Figure 5: Auto-MOOVE pairwise win rates for MeditronFO variants against base models and MedGemma, showing consistent model preferences.


Figure 6: Averaged per-criterion Likert profiles across nine axes for MeditronFO and corresponding base models, indicating multidimensional improvements.
Empirical and Comparative Results
Apertus-70B-MeditronFO establishes a new state-of-the-art among fully open medical specialists, improving from 47.2% to 53.8% average accuracy across MedMCQA, MedQA, PubMedQA, MedXpertQA, and HealthBench. Across all MeditronFO-finetuned models, consistent gains are observed both in accuracy (up to +12.8 absolute for smaller EuroLLM/Apertus bases) and open-ended clinical preference (Auto-MOOVE adjusted win rates 67%–92%). In cross-family evaluation, Gemma-3-27B-MeditronFO outperforms MedGemma (58.6% vs 55.9% HealthBench; preference in 58.6% LLM-judge pairwise contests), directly contradicting the assumption that proprietary synthetic or undisclosed data pipelines are necessary for clinical SoTA.
Ablation studies on corpus components reveal that exam-style QA and Clinical Vignette data are crucial not only for MCQA metrics but for open-ended preference and reasoning axes as well; removal of guideline QA slightly raises MCQA but does not improve open-interaction competence. Removal of synthetic MOOVE scenarios, in particular, significantly lowers model ratings on contextual and reasoning dimensions, substantiating the necessity of comprehensive training coverage.
Robustness, Limitations, and Implications
Despite system-wide decontamination, the syntactic (not strictly semantic) nature of contamination filtering leaves residual risk of paraphrased benchmark leakage. The single-teacher/single-judge constraint introduces stylistic biases, though ablation across judge models confirms robustness of the main claims. Auto-MOOVE, though validated against human raters, underperforms human discriminators—especially on safety-centric axes such as harmlessness/fairness—as corroborated by agreement studies.
Pragmatically, the fully open pipeline enables transparent, reproducible development and evaluation of LLM-CDSS, directly facilitating regulatory, clinical, and academic auditing.

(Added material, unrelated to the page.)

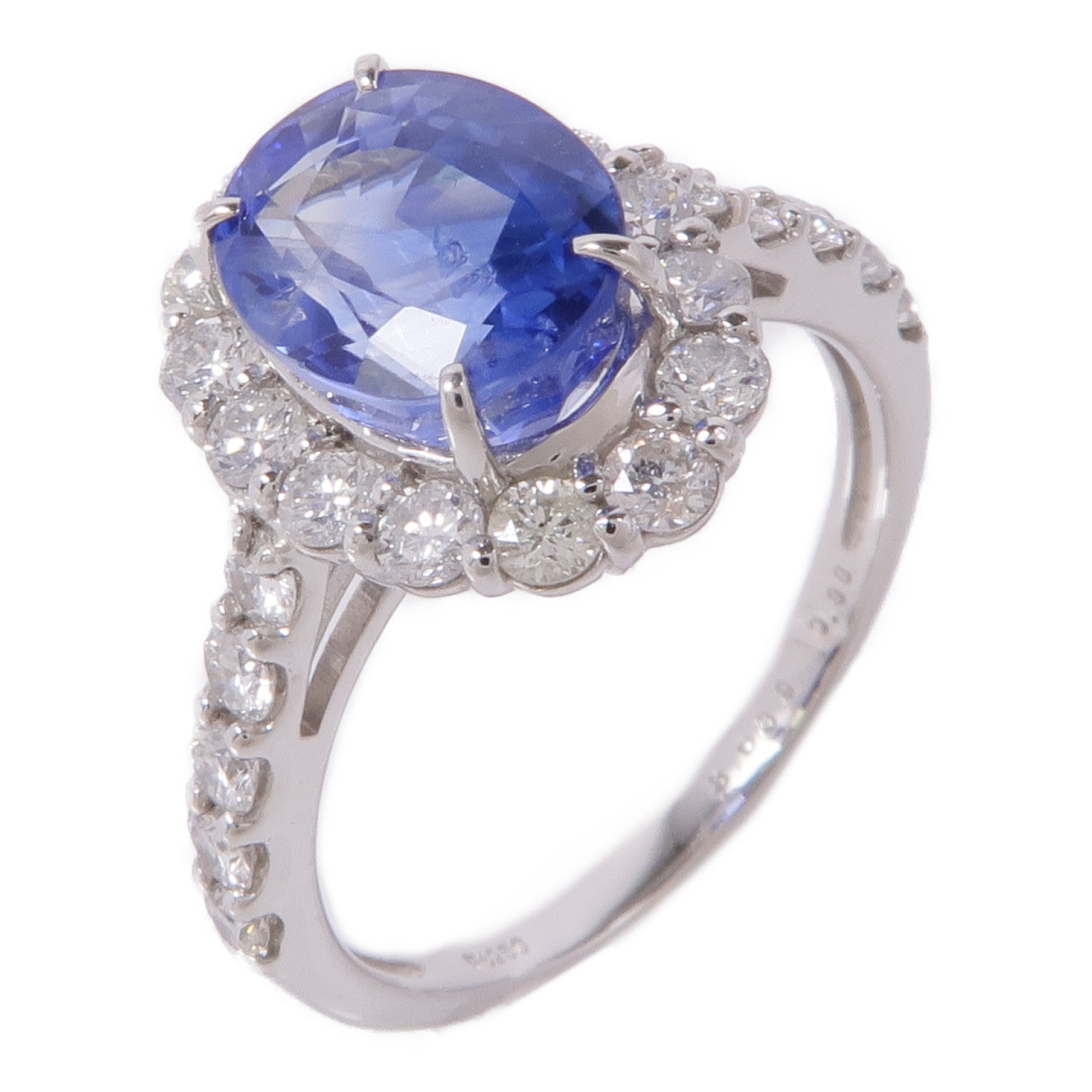 JEWELRY PT950鉑金Sapphire/Diamond Ring藍寶石/鑽石戒指US#6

The work demonstrates FO training does not inherently result in inferior clinical LLMs; with disciplined validation and corpus construction, it is feasible to achieve or approach proprietary, closed-data performance (particularly when model and compute scales are matched).
Figure 7: Timeline of HealthBench performance across closed, open-weight, and fully open medical LLMs, highlighting the closing gap due to MeditronFO models.
Future Directions
Potential avenues include integration of open-preference optimization, semantic decontamination, deeper clinician-in-the-loop supervision, and generalization to multilingual settings. Expanding semantic analysis of contamination, optimizing replay schedules for generalist instruction capability retention, and deploying end-to-end FO teacher models to minimize transfer of biases in synthetic data remain to be pursued. These would further consolidate the auditability and global applicability of open medical LLMs in both research and practical deployments.
Conclusion
Fully Open Meditron demonstrates, with strong empirical support, that rigorous auditing, clinician-guided data construction, and transparent adaptation pipelines can yield clinically competitive medical LLMs without recourse to undisclosed or proprietary resources. The FO paradigm, as instantiated here, balances domain-specific metric improvement with critical requirements for auditable, reproducible, and safe clinical model deployment. The resources and process disclosed establish a reusable foundation for further development in open medical AI and set a new benchmark for transparency and scientific rigor in high-stakes LLM adaptations.
Figure 9: Distribution of per-rater κ among the human panel with Auto-MOOVE judge's agreement, validating LLM-judge equivalency for clinical reasoning preference evaluation.